To halt migration and other contraband desert trade, Anecko said, international partners have to “propose something for unemployed young men who have cars and know the desert. One young man with a car can help all of his family with just one trip.”
It’s a security imperative to control trade within a vast and potentially unstable desert with a suspected Al Qaeda presence. At the same time, it’s a social and economic imperative to keep young people busy and employed.
This tension might get worse in the coming years, even if Libya stabilizes. Sidi Mamane, the mayor of In-Gall, said that the nomadic life that many local Tuareg are used to is becoming less tenable, thanks to population growth and a plunge in the local water table.
“In the future, there will be no more nomadism. People will move to the cities and they will stay there,” says Mamane.
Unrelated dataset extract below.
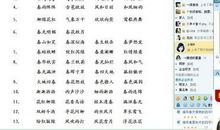 描写生气的四字词语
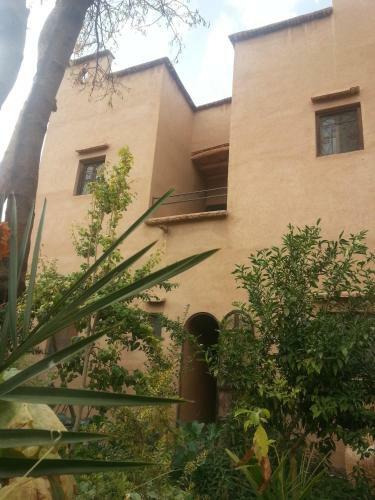 Bed & Breakfast Les 4 Saisons Du Dades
Some former nomads will likely settle in established and already-growing population centres like Agadez. They will be forced to adapt to an urban setting where the most promising economic opportunities are products of the lawlessness of the desert lying just beyond the city’s already expanding outskirts.
A future, unitary Libya would form within this context of endangered nomadism, lingering desert militarism, and un-policed trans-Saharan trade.
It won’t look like Gaddafi’s strong state, and the idea that the whims of a single man or madman could fill the Saharan vacuum may have died with the Libyan dictator.
Libyans — the primary victims of Gaddafi’s regime — didn’t want their 42-year-old status quo to continue.
But the end of Gaddafi’s regime, and the prolonged period of turmoil that’s followed, have had complicated reverberations in Niger.
The need to adapt to the post-Gaddafi conditions may be the dictator’s most consequential legacy in Niger, something that could prove far more tangible to the life of the country than a single mosque in a distant capital city.